May 28, 2012

Positivity: Memorial Day 2012

Filed under: Positivity,US & Allied Military — Tom @ 1:00 am

A Boston Herald editorial, in full:

It has become a “new tradition” here — this planting of flags on Boston Common to remind all of us of the real meaning of Memorial Day.

For several days the hillside near the Sailors and Soldiers Monument is covered with some 33,000 small flags put there by volunteers organized by the Massachusetts Military Heroes Fund. The flags represent the sons and daughters of Massachusetts who have died from the Civil War to the present. This year the memorial includes 159 flags for those Bay State heroes who died in the service of their country since Sept. 11, 2001.

This year also a special commuter rail train was wrapped in red, white and blue and adorned with gold stars, each representing a service member from the state killed in Iraq or Afghanistan.
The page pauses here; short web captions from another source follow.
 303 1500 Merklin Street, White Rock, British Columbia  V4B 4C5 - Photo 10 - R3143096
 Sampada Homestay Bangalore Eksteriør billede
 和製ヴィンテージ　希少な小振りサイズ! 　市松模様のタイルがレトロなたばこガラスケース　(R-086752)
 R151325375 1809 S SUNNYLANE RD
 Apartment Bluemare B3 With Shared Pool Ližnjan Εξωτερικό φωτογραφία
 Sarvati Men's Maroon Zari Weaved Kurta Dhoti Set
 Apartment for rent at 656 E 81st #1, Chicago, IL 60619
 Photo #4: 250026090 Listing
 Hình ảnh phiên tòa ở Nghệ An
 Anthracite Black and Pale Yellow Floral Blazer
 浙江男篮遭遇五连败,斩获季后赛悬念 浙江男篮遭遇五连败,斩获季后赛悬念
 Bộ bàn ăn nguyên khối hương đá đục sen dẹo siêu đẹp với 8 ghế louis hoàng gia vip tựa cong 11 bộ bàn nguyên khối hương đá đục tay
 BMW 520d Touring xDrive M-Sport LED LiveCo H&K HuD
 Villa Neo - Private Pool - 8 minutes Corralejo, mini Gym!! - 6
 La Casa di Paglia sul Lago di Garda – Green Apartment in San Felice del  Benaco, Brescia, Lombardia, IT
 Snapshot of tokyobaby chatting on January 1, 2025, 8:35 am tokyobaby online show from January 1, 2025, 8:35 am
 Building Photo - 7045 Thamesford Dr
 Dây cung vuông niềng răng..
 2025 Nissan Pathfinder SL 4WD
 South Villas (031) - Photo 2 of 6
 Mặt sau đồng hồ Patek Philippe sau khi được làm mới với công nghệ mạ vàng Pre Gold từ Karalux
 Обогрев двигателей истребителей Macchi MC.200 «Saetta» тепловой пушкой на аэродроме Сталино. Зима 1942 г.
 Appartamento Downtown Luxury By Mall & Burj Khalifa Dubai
Many of the family members of those honored were present for the train’s inaugural run last week.

Yes, this, the unofficial start of summer, does indeed have a more poignant meaning and one that too often gets lost in the rush to fire up the barbecue, plant the tomatoes and locate the beach toys. And today’s all-volunteer military — even during a time of war — has meant that fewer and fewer families are aware of the enormous sacrifices of those who serve so valiantly and of the families they leave behind.

Most of us remain untouched by the daily worry of having a loved one serving in harm’s way. Most of us don’t have to deal with the hardship of raising children alone because one parent has been called to active duty, some never to return. And most of us will never know the anguish of dealing with a spouse, a son or daughter, a brother or sister wounded in body or mind who has returned to a world ill-prepared to deal with those injuries.

So it behooves all of us — certainly on this day but also on the days to come — to make a special effort to understand those sacrifices, to reach out to all who serve and to all they leave behind to say thanks for your service, thanks for answering the call, and thanks for helping preserve the freedoms and a way of life that is envied around the world. It is a debt we can never repay.